- _Exercise directions_: Copy exactly the lines from the one containing "a wooden building" through the last line of the records below, including both, and leave out any pictures.

- _Provided records_:
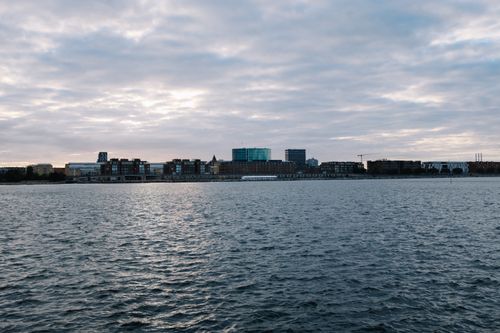 Free City skyline at dawn overlooking a calm river with soft clouds above. Stock Photo
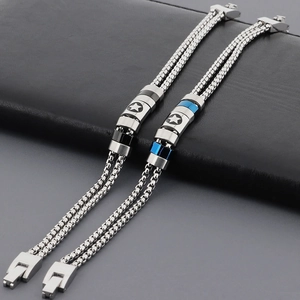 Detail of double-layer stainless steel anchor bracelet with star-patterned beads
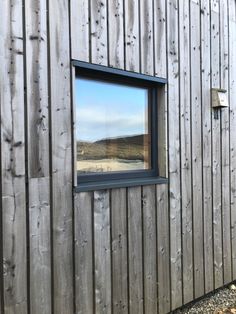 a wooden building with a small window on the side and a reflection of a mountain in it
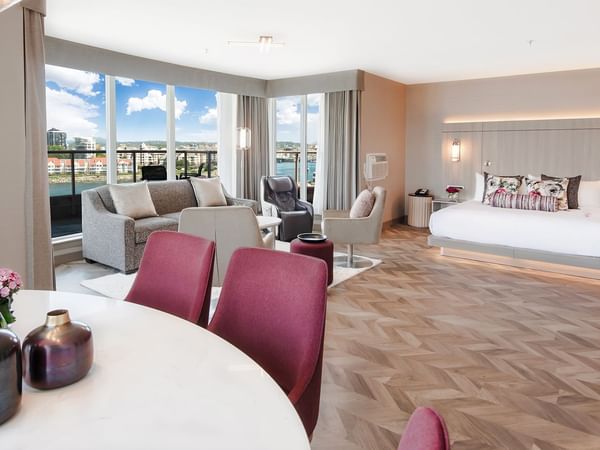 Hotel guestroom with king bed, living area, dining area, and balcony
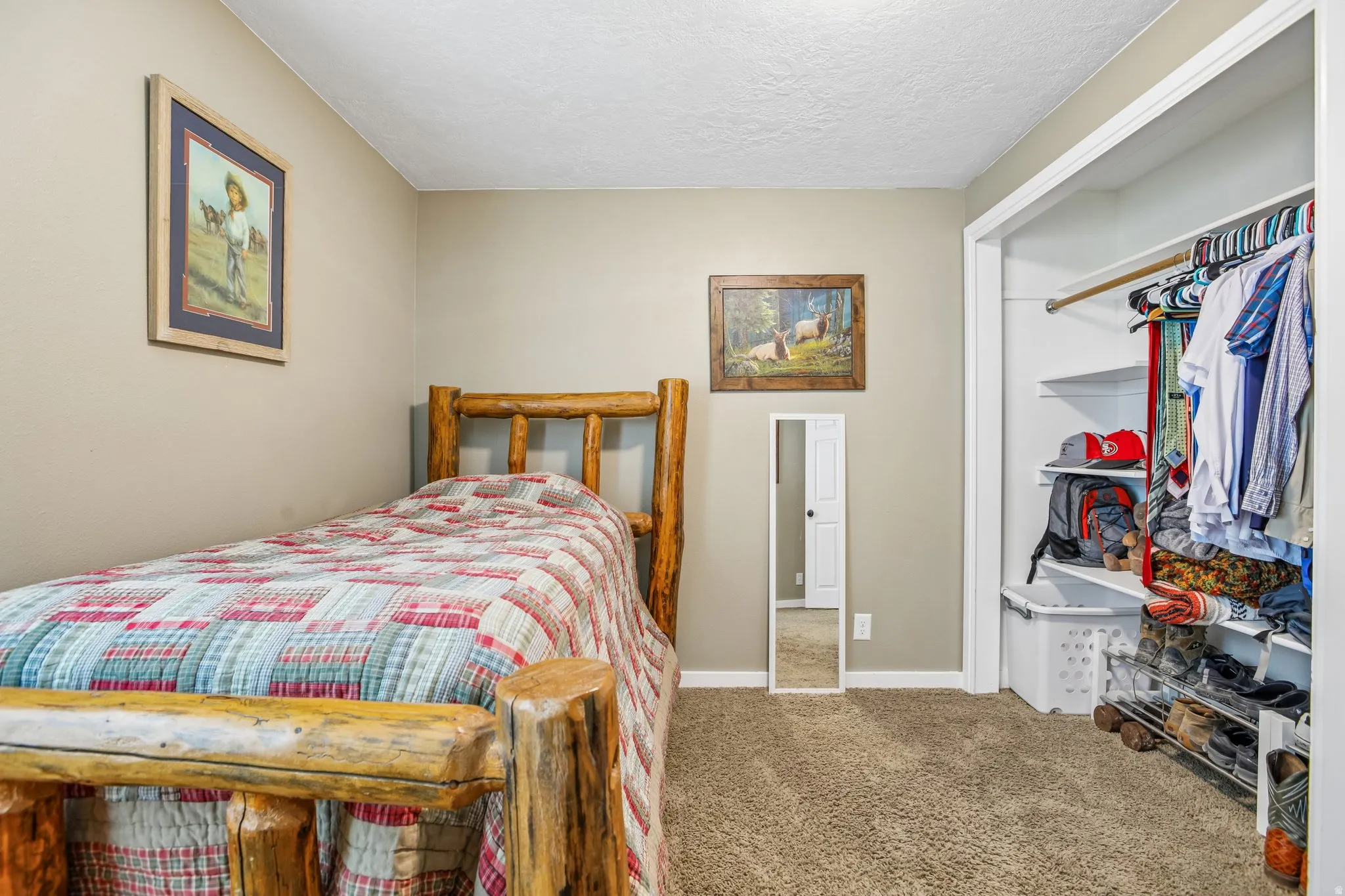 Bedroom with light carpet, a textured ceiling, and a closet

- _Finished task_:
 a wooden building with a small window on the side and a reflection of a mountain in it
 Hotel guestroom with king bed, living area, dining area, and balcony
 Bedroom with light carpet, a textured ceiling, and a closet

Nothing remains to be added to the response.